*Required work*
Please output the data exactly, minus pictures.

*Dataset content*
---+---

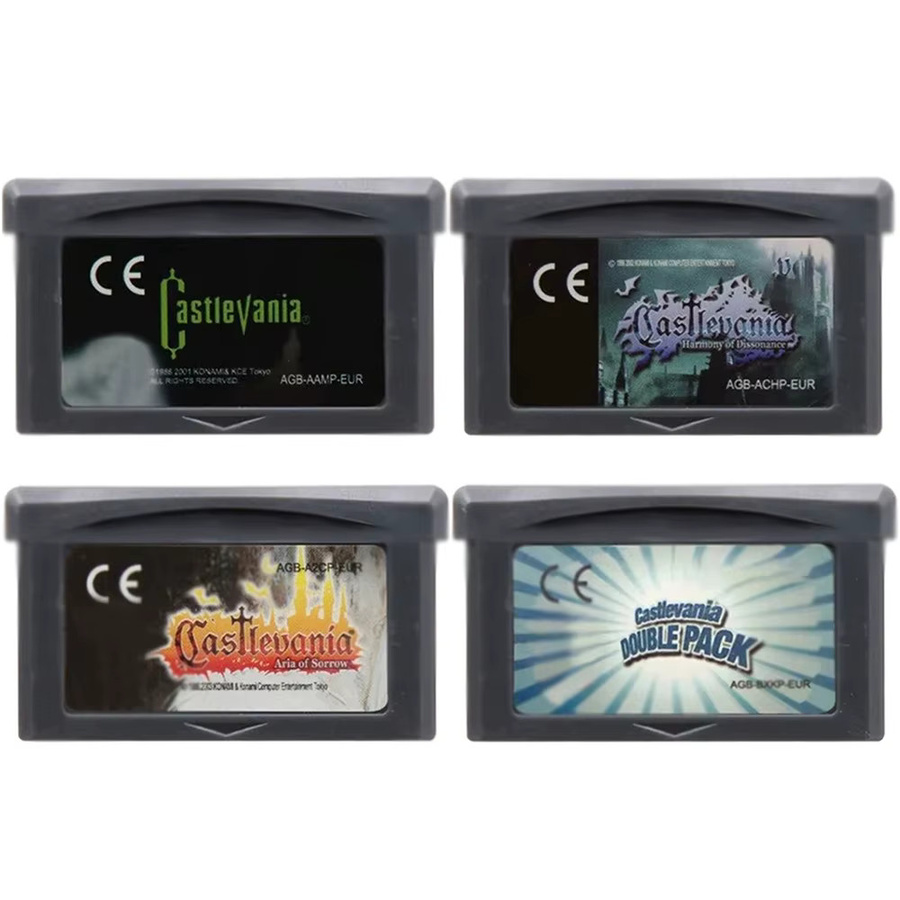 Bandai Castlevania GBA Videospiel-Doppelpack mit Asia of Sorrow, Dissonance und Circle of the Moon Modul-Set für Game Boy Advance und NDSL - Bild 3
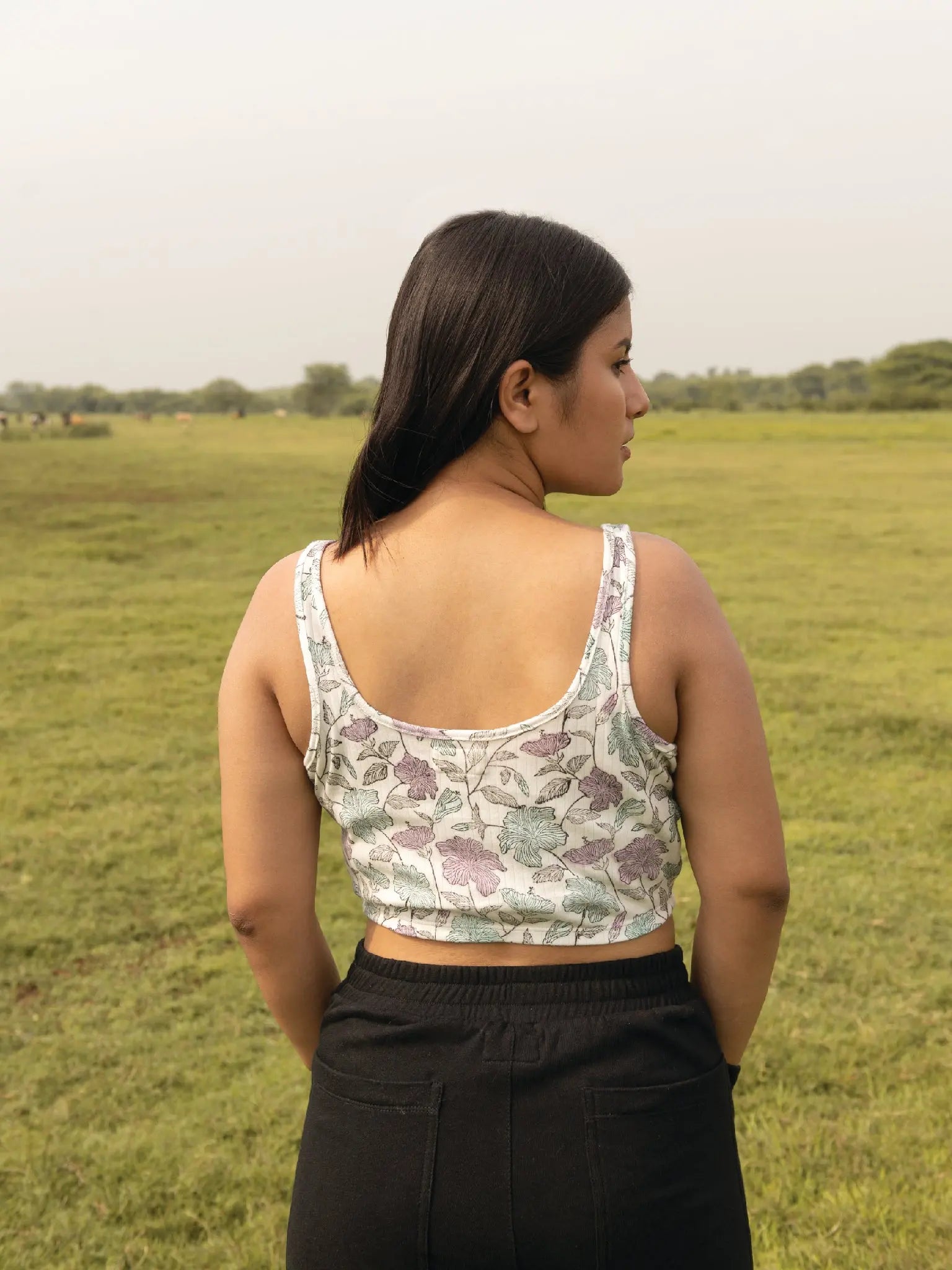 Roselle Crop Top - Almond Story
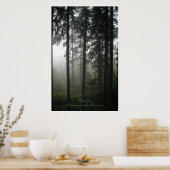 Poster "FOREST MIST" Forêt sauvage Imprimer (Cuisine)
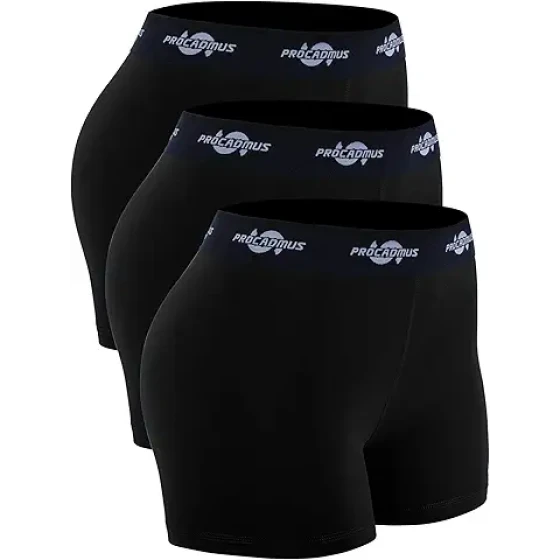 CADMUS 女式弹力排球短裤 3 英寸压缩专业短裤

---+---

*Response to this task*
 Bandai Castlevania GBA Videospiel-Doppelpack mit Asia of Sorrow, Dissonance und Circle of the Moon Modul-Set für Game Boy Advance und NDSL - Bild 3
 Roselle Crop Top - Almond Story
 Poster "FOREST MIST" Forêt sauvage Imprimer (Cuisine)
 CADMUS 女式弹力排球短裤 3 英寸压缩专业短裤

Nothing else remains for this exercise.